▶ Exercise requirements: In the listing below, find the line that contains "Tiny photo for" and the line that contains "1º Monasterio de". Quote both and every line between them, exactly, and nothing more.

------ Record excerpts ------

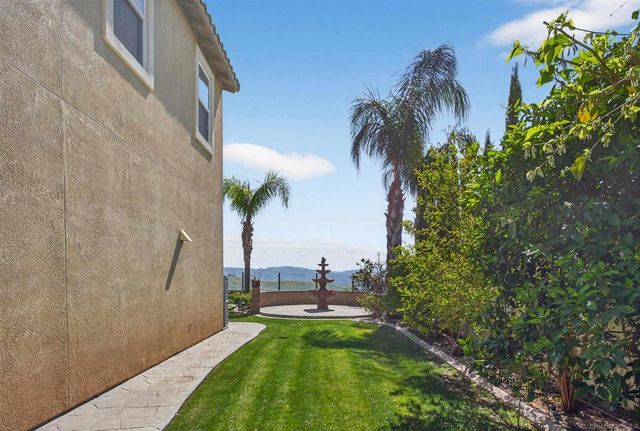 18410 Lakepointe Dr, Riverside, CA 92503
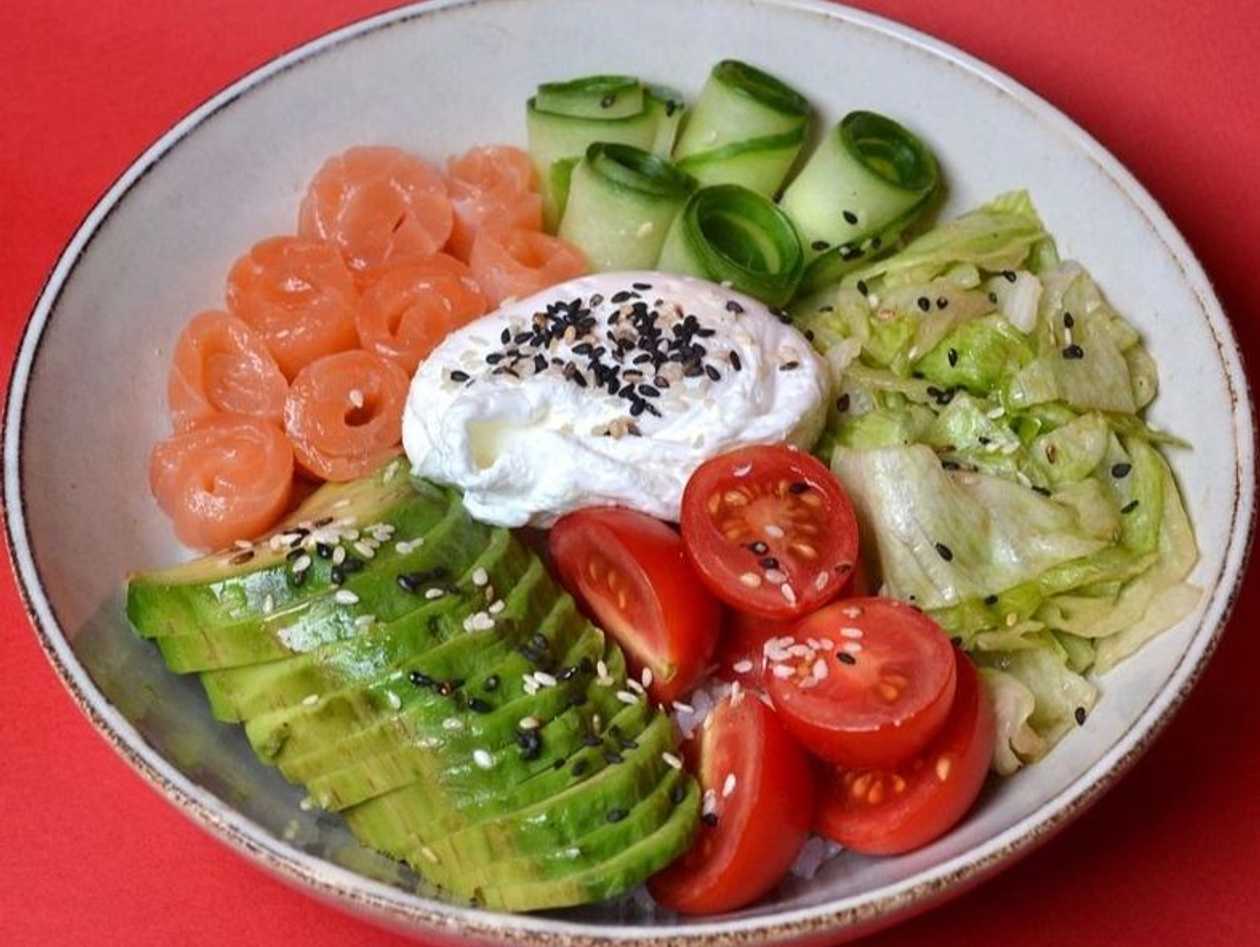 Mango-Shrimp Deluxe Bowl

------
------ Record excerpts ------

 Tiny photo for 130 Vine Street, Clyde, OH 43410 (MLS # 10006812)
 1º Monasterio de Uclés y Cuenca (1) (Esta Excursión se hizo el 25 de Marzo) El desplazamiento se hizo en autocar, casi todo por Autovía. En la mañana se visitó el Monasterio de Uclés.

------

▶ Written response:
 Tiny photo for 130 Vine Street, Clyde, OH 43410 (MLS # 10006812)
 1º Monasterio de Uclés y Cuenca (1) (Esta Excursión se hizo el 25 de Marzo) El desplazamiento se hizo en autocar, casi todo por Autovía. En la mañana se visitó el Monasterio de Uclés.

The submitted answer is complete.